The explanation for this paradoxical mixture of cosmopolitan and nationist thinking lies in the fin de siecle, we are told. In the longest part of the book, the chapters on Jabotinsky, we discover a number of models for his thinking but only some of them originate in the fin de siecle. For example, early in his career, as a journalist in Italy, Jabotinsky was enamored by the Italian radical, Felice Cavallotti, and the Italian patriotic writer, D’Annunzio. Later his economic utopian thinking was influenced by positivism, especially the Austrian Popper Lynkeus, a protege of Marx. Incidentally, economic positivism and, especially, nationalism were actually highly untypical of the fin de siecle, at least in its Russian form, which was foremost a cultural movement. Moreover, it strikes this critic as very strange that the major figures of the Russian fin de siecle are never mentioned. Where are Vladimir Solov’ev, Dmitrii Merezhkovsky, Vasilii Rozanov or Andrey Bely? Alexander Blok is mentioned only in passing.

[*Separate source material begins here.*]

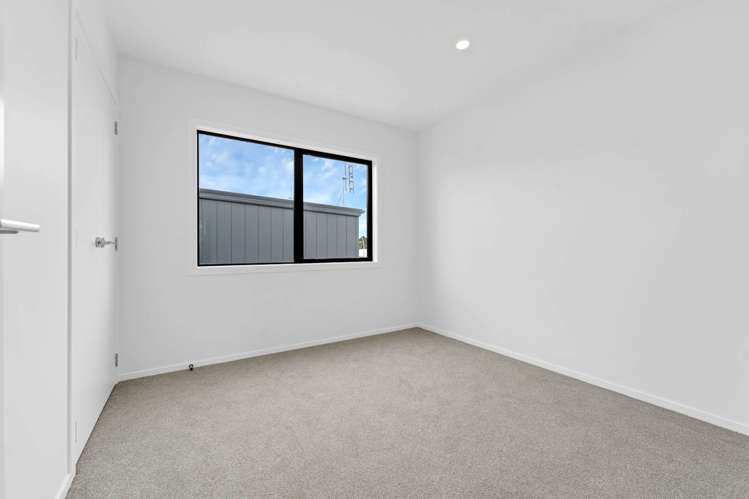 Lts1-11,75 Vincent Street Howick_16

But Stanislawski is up to something important here since we see a similar evolution toward nationalism in Russian intellectual history. Several important thinkers of the period, such as Petr Struve, Alexander Blok, Nicholai Berdiaev and Sergei Bulgakov, while starting their careers untainted by nationalist thought, did ultimately arrive at a more narrow pro-Russian position. But the Russians tended to embrace nationalism after 1905 because they had to overcome several obstacles. Self-respecting intellectuals of the time objected to the government’s state-sponsored nationalism, connected as it was with anti-Semitism, and, in addition, a concern with the treatment of the non-Russian nationalities was typical of the Russian intelligentsia.

As much as the cosmopolitan fin de siecle played a significant role, other sources also influenced the road to Jewish nationalism. For instance, at the end of the 19th century, we see the emergence of national politics, especially the politics of anti- Semitism. Certainly, the Zionist Congresses mimicked the international Congresses of Anti-Semites. Similarly, contact with the thought of such proto-Zionists as Leon Pinsker, Ahad Ha’am and Menashe Usishkin, while it did not provide the original inspiration, did influence the development of the thinking of those Zionists studied here. Professor Stanislawski raises broad and very vital questions about the meaning of late 19th-century Western culture in its relation to cosmopolitanism, nationalism and individualism. Moreover, he provides a particularly useful operation by rejoining the two parts of the lives and work of the early Zionists. Thanks to Professor Stanislawski, we now know a good deal more about the European sources for the thought and behavior of Herzl, Nordau and Jabotinsky. Although Stanislawski’s idea of seeking European sources for political Zionism in the fin de siecle will undoubtedly receive further development and correction, the original perception is absolutely valid, important and potentially extremely productive.

Brian Horowitz is Associate Professor, Director of the Program in Jewish Studies, Sizeler Family Chairholder in Judiac Studies at Tulane University, and a contributing editor.